Dopo aver stabilizzato l’equilibrio nella tolleranza, siamo finalmente pronti per passare alla fase dell’accettazione.

Qui incontriamo la nostra volontà: nasce un’intenzione, quella di stabilire una relazione con la condizione inizialmente non accettata. Sorgono domande del tipo: “cosa posso fare/ cosa posso farci con questa situazione?; come posso estrarre il meglio da questo? Come posso volgerla a mio favore? Cosa c’è di bello in questo?” 

Dopo aver preso il carico della tolleranza, emerge l’intenzione di vedere oltre il fardello, di dare un senso nuovo, di scorgere l’opportunità sinora nascosta.

È qui che la frustrazione tra il senso del dovere e quello del piacere inizia a sbilanciarsi verso il secondo polo, illuminandolo:  è così che nasce la relazione con quanto inizialmente rifiutato.


Questa relazione è assolutamente volontaria: vogliamo davvero trovare un nostro spazio, un nuovo modo di vivere e di essere pur mantenendo quella circostanza inizialmente indesiderata. C’è coraggio, persino entusiasmo e forza. Soprattutto, c’è creatività; si intuiscono possibilità.


Curando la relazione e la ricerca di un modo tutto nostro di stare esattamente dove siamo, poco a poco nasce l’amore: iniziamo ad amare ciò che un tempo abbiamo odiato, rifiutato e combattuto.

Ed è con questo amore che le circostanze possono finalmente cambiare.


Come vediamo, accettare è ben altro che arrendersi all’evidenza sgradita o sopportarla mal volentieri. 
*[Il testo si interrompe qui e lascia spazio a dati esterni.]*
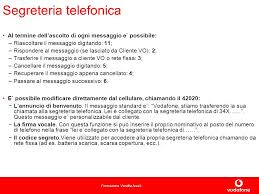 Benvenuto Nel Piu Grande Network Di Telecomunicazioni Del Mondo Ppt Scaricare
L’accettazione chiama in campo l’alleato migliore: l’amore e, pertanto, comporta la trasformazione dal conflitto alla relazione e dalla relazione alla fusione.


Ciò che un tempo era un uno contro uno, “io contro il mondo”, diviene relazione:  dapprima “io e il mondo”, poi “io insieme al mondo”, per finire con la fusione o integrazione. 


Cosa avviene nella trasformazione o integrazione finale? 

Accade che si consegue un nuovo talento, una capacità. La vera trasformazione, manco a dirlo, è avvenuta dentro di noi: abbiamo appreso qualcosa che prima non sapevamo; ora abbiamo un potere. Può trattarsi di un saper fare, o un saper essere; di qualcosa in più ma anche di qualcosa in meno, ovvero che non abbiamo più necessità di fare o di sembrare. 

Il conflitto con l’odiato capo esigente l’abbiamo osservato talmente bene che presto diviene sopportazione della severità sino a livellare la nostra compiacenza e maturare in noi stessi la capacità di esigere. A questo punto il capo può restare al suo posto o trasferirsi: in qualunque modo non subiremo più le sue esigenze poiché avremo appreso a esercitare e amare le nostre.